The next morning we walked across the snow to Kalehkhan’s corral, where our horses were being fitted with winter shoes. These squat, tough little animals, no bigger than 14 hands, are fast and can travel 100km a day. In the 13th century, they were Genghis Khan’s secret weapon as he forged the biggest land empire in history.
My horse was hobbled then, bucking and snorting furiously, thrown on to its back and restrained with a knee to the neck as the nails were hammered in. “Mongolian horses are half wild, half trained,” said Buya, and I couldn’t help but think that a knee in the neck would do little to elevate this one’s mood. “You need to show them who’s boss or they will have a big laugh with you. Have you ridden much?”
“No,” I said.
“Oh dear,” said Buya.
A wrangler with emerald eyes handed me the reins. The faces of the others — the sharp, weathered Slav features and the softer Tibetan ones with feather-shaped eyes — spoke of thousands of years of migrations across the steppe.

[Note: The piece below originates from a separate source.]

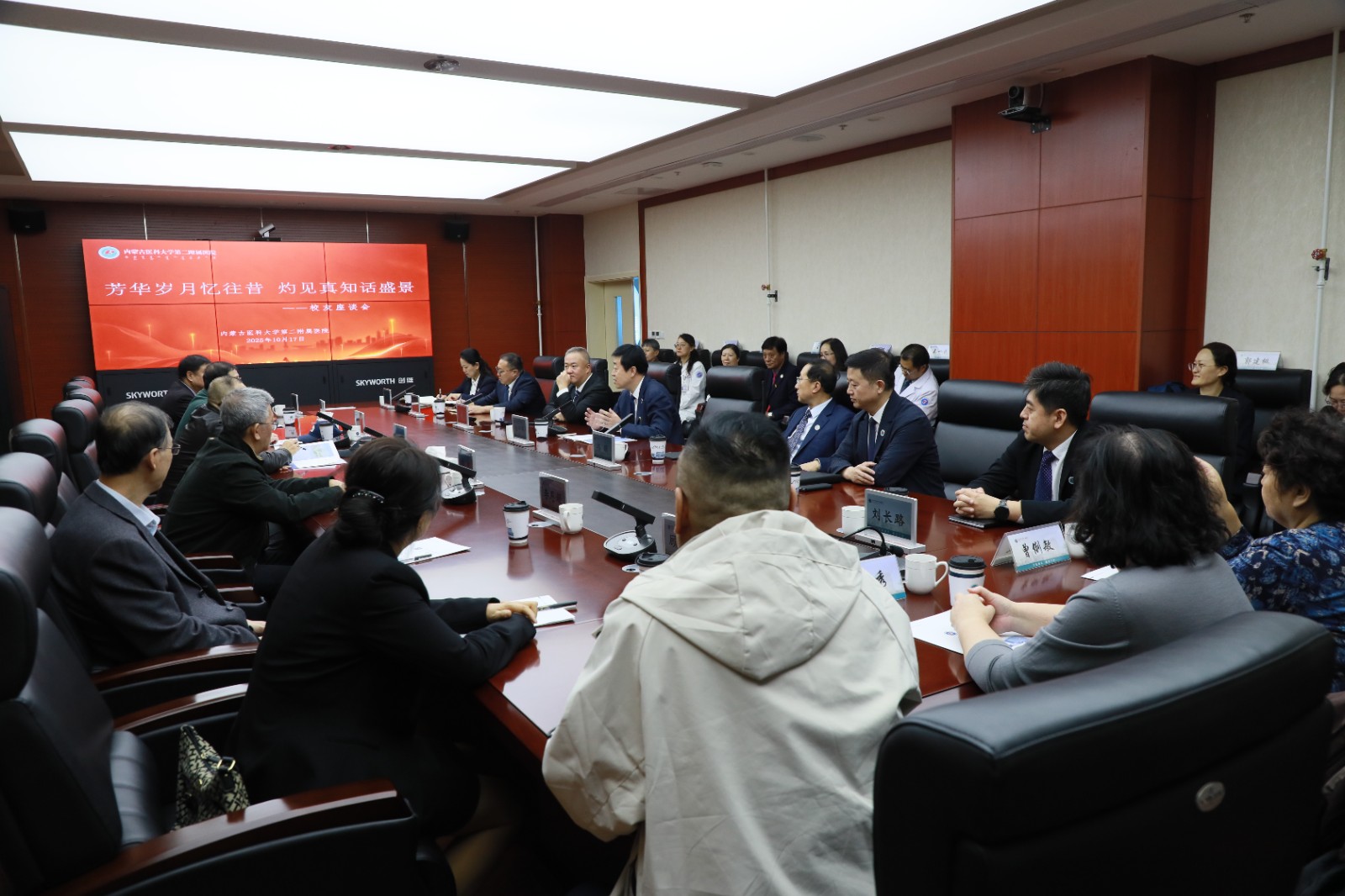 1760709932696068188.jpg 1760709932696068188.jpg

A distant sound of hooves and, there, thundering across the frozen steppe, were Tugelbaya and Dalaikhan, both 55, the latter in a fox-fur cloak and hat, his dark trousers embroidered with holy Tibetan script in vivid colours. Perched on their right arms, two golden eagles, wings splayed. It was the most spectacular thing I had ever seen.

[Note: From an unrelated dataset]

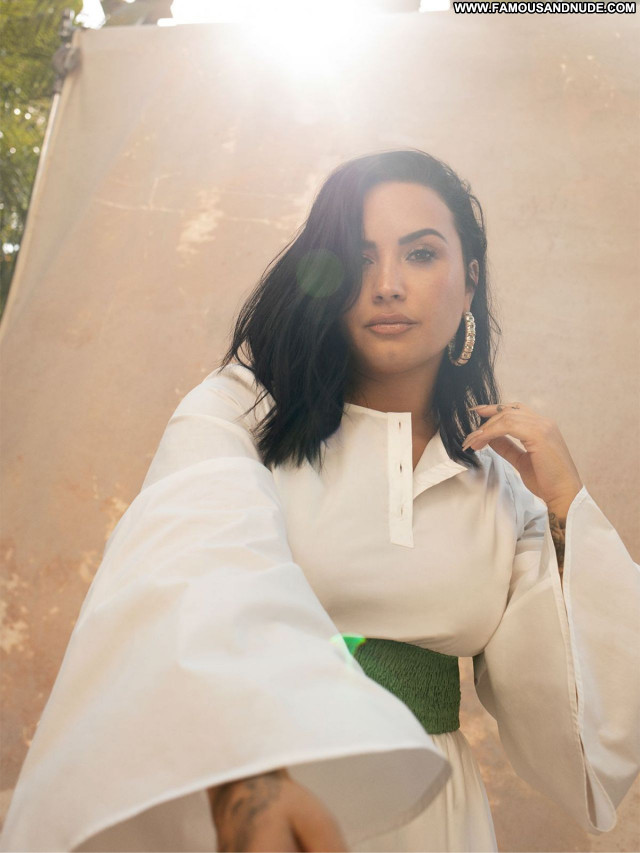 Demi Lovato No Source Posing Hot Celebrity Sexy Babe Beautiful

We set off to hunt, climbing steadily, my confidence climbing too, with every sure-footed step of my horse. We rode along exposed narrow ridges, where the wind ripped at our faces, making the minus 28C feel much colder. Sheer drops fell away to the Sagsai valley far below, where herds of tavan hoshuu mal looked like specks of coal dust on a canvas of white. “There are more animals than men [in Mongolia],” wrote the poet Zahava Hanan, “so they still have the world as God made it.”
Surrounding us, the profound silence and vastness of the Altai Mountains, a jumble of sweeping peaks like a frozen ocean. Riding alongside me was Alpamas, 27, Dalaikhan’s son, who started singing softly. “That’s a song about good horses,” said Buya.
As we rode, Dalaikhan explained that hunting with eagles began 2,000 years ago but that now it is only the Kazakhs in Mongolia who maintain the tradition. “Fine horses and fierce eagles are the wings of the Kazakhs,” goes an ancient proverb, he said. He told me how the hunter (known as aberkutchi — Kazakh for eagle is berkut), is lowered on a rope down a cliff to a nest. How he selects the chick with the strongest claws and eyes — only the females, as they are bigger — all the while being attacked by the parents. How the training takes six years. The birds live until 25 or so, he said, and when they are 12 they are repatriated to the wild, so they are able to breed and thus provide another generation of hunting birds. It was another example of how these nomads worked so closely with the natural world, an ancient, interwoven bond of sustainability.
. . .
A cry. A rabbit had bolted. The eagles were immediately unhooded and launched. From our position on a ridge at 2,600m, it was like being in the upper circle of a theatre: we watched as the two birds wheeled and swooped, a noiseless aerial ballet, the two supreme horsemen tumbling down the mountain in pursuit. The rabbit escaped. The birds returned, Dalaikhan’s eagle misjudging its landing and skewering his arm, a crimson filigree decorating the snow.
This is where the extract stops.